TASK GOAL
With the pictures left aside, write out exactly the lines of the listing below from the line with "80种常见园林植物 · 景观设计师必知" to the line with "Wildflowers near Ice Creek Camp", both included, and only those.

EXERCISE MATERIALS

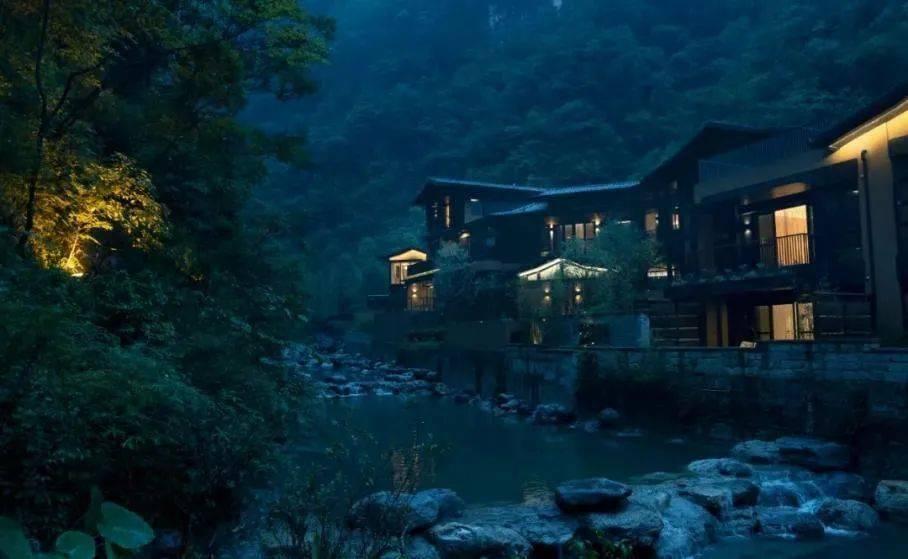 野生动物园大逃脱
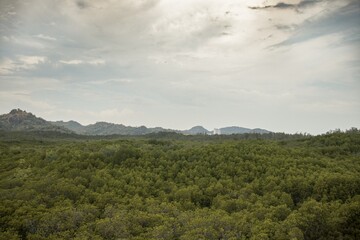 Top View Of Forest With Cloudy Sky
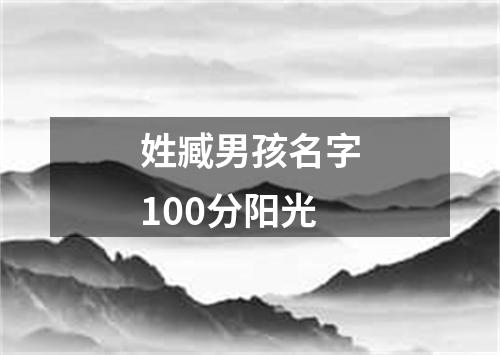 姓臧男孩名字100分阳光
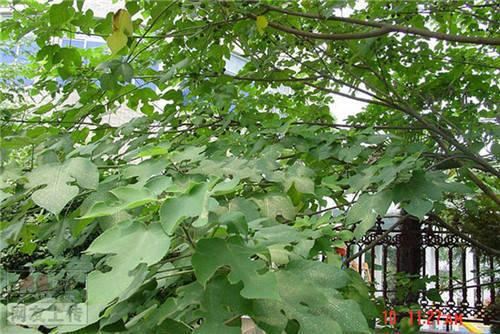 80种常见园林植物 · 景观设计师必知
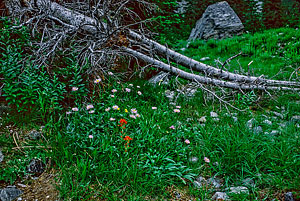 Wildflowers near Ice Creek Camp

---

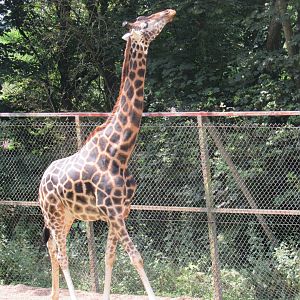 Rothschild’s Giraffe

ANSWER SECTION
 80种常见园林植物 · 景观设计师必知
 Wildflowers near Ice Creek Camp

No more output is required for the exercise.